I suspect that there are a number of program officers within the State Department who can sympathize. During the Bush Administration’s second term, then-Undersecretary of State for Political Affairs R. Nicholas Burns spurred a good-faith effort to expand educational and cultural exchanges with Iran. Artists, doctors, athletes and scientists from Iran crisscrossed America, sharing expertise and experience in subjects as diverse as earthquake science and engineering and AIDS treatment and education. Publicly, the programs often appeared to be blazingly successful in their stated goal of enhancing mutual understanding between Americans and Iranians. Behind the scenes, however, the story was often more complicated, thanks to Tehran’s paranoid conviction that these innocuous opportunities were the leading edge of a Washington-sponsored ‘soft revolution.’ A number of Iranians who participated in these exchanges found their passports seized or their professional advancement threatened; some feared returning home, and several were ultimately imprisoned after permitting their stories to be featured prominently in a major American newspaper.

I believe deeply in the mission and purpose of people-to-people exchanges. What little I understand about contemporary Iranian politics is grounded in the months I spent there over the course of 1998 and 1999, as well as the skills, contacts, and subsequent opportunities to visit Iran that I acquired as a direct result of that early immersion. Surely, the benefits for my fellow American participants— as well as the hundreds of Iranians who have been able to interact with their professional counterparts in the United States— have been at least as meaningful.

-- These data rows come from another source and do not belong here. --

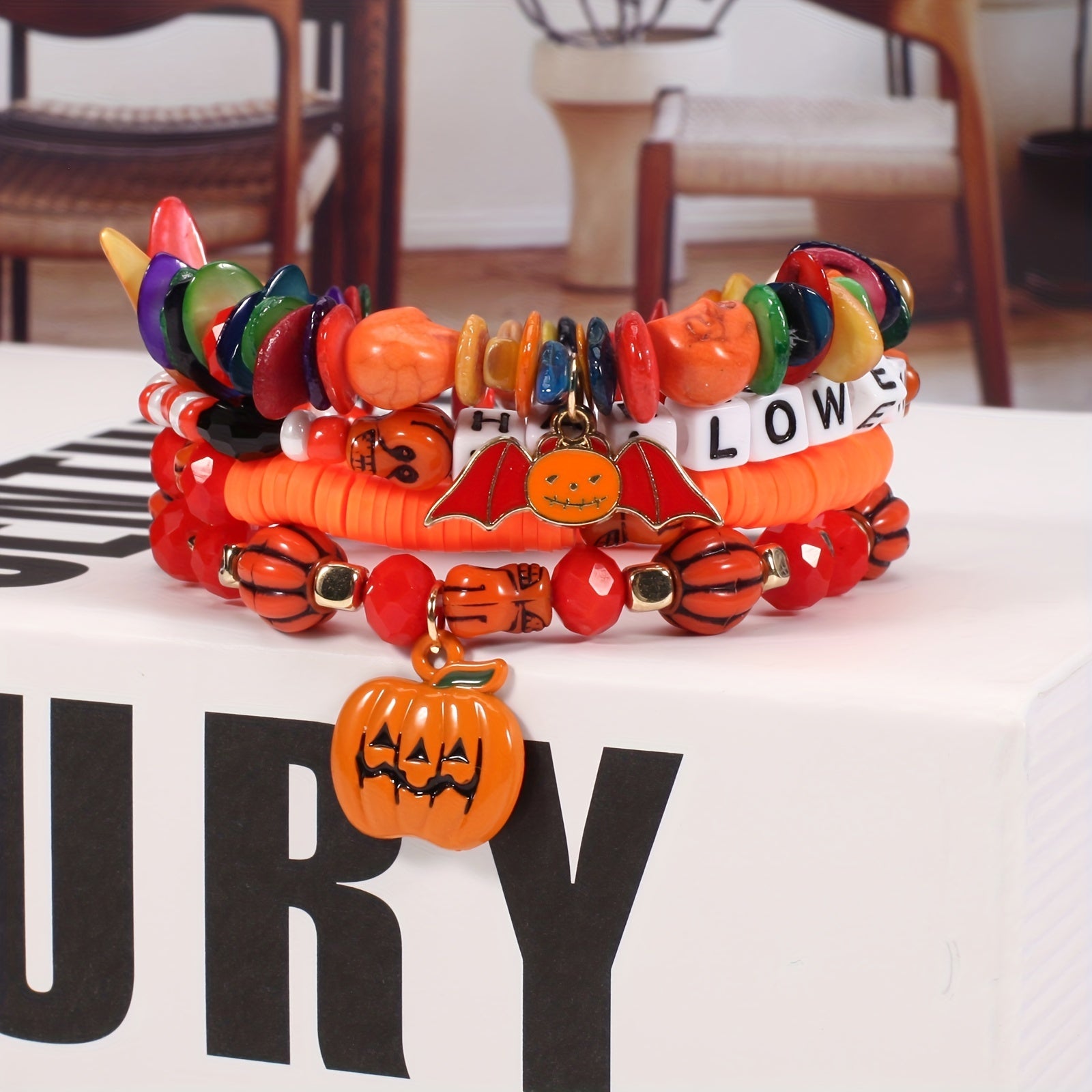 Halloween Bracelet Pumpkin Bat Ghost Skull Pendant Multilayer Beads Bracelet Party Favors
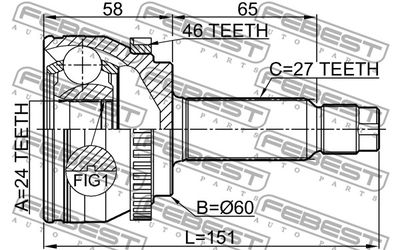 ШРУС наружный FEBEST 2210SOUA46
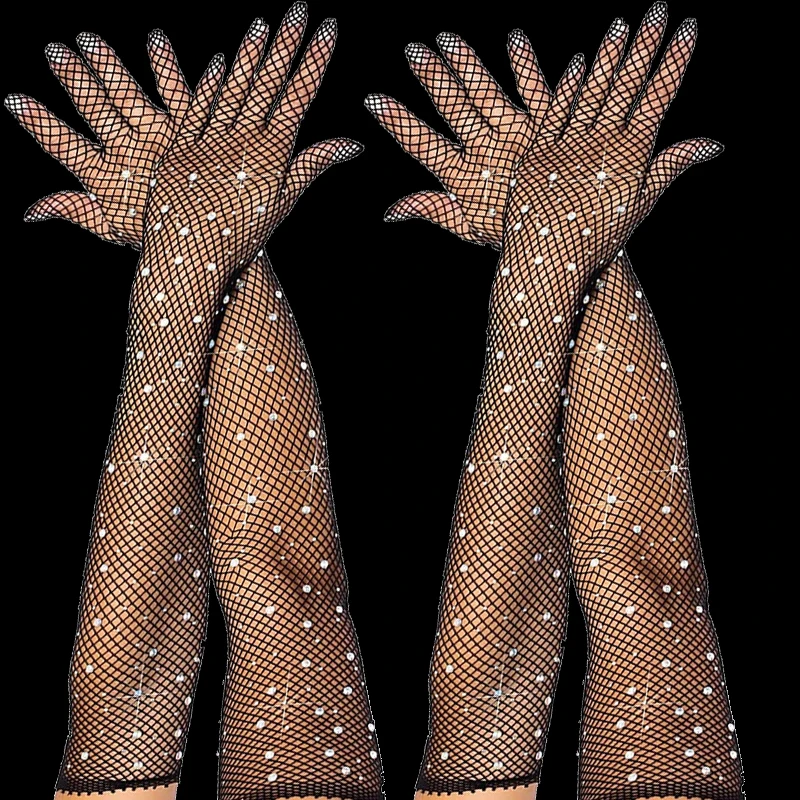 Top Trends: Stretch Rhinestones Long Gloves Women Sparkly Crystal Mesh Full Finger Gloves Dancer Singer Nightclub Stage Party Accessories Shoppable Styles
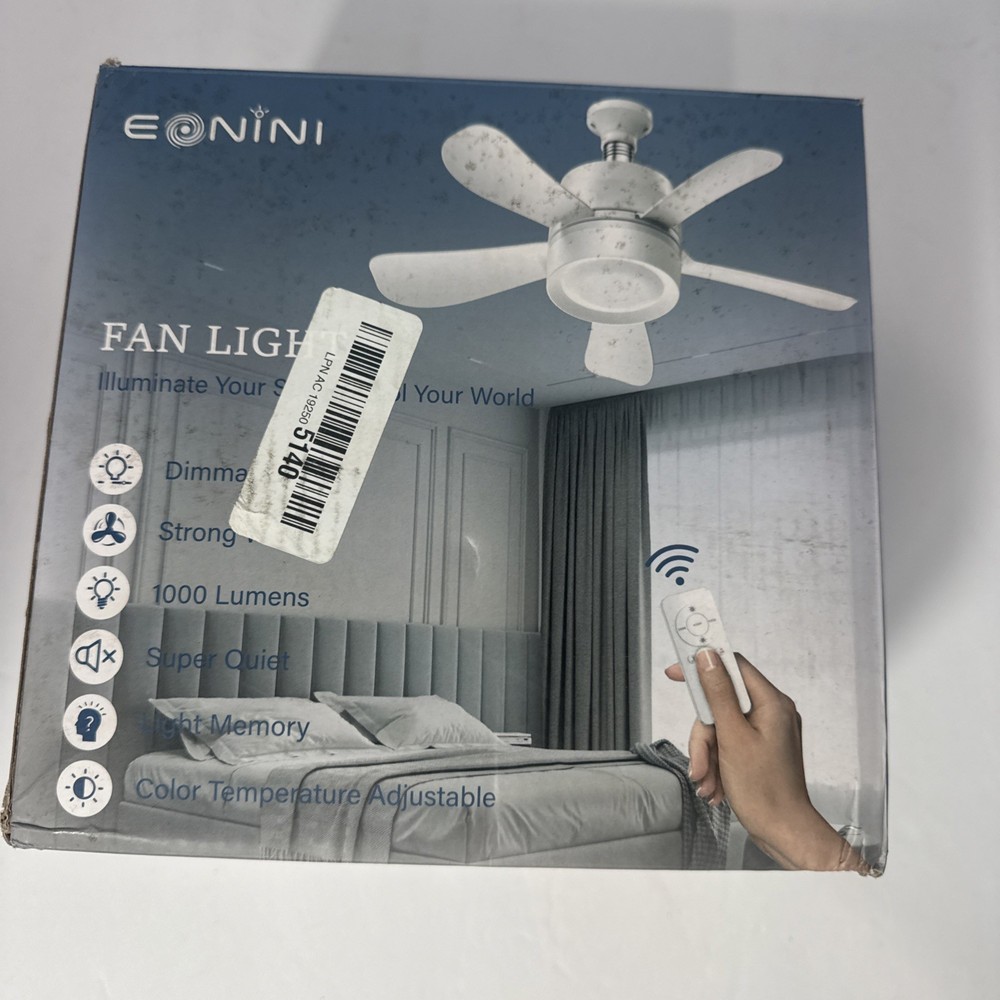 Eonini fan light Add a ceiling fan anywhere (open box return) TESTED 100%.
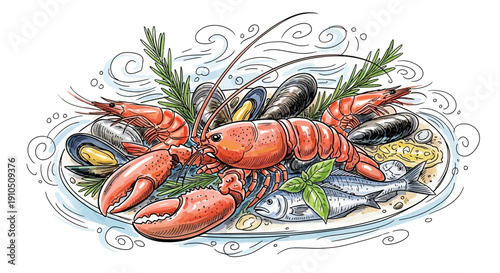 Illustration of Lobster and Seafood on Plate.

Still, people-to-people diplomacy is no substitute for official diplomacy, and it frequently offers as much complication as illumination. Back in 1999, my fretful Iranian minder won an early reprieve when our exchange program was unexpectedly curtailed upon the order of the State Department. A call from the Swiss ambassador, whose embassy serves as the protecting power of Americans in the absence of official relations, initiated a flurry of bureaucratic maneuvers to hasten our departure, and a few days later we were gone. I subsequently heard a range of rumors explaining the episode, including one focused around the efforts of the Clinton administration to establish back-channel cooperation with then-President Mohammad Khatami on counterterrorism efforts. Whatever the truth, nothing ever came of that initiative, and fourteen years later, the wrestlers’ unfortunately early exit underscores the steep obstacles that remain in bridging the American-Iranian divide.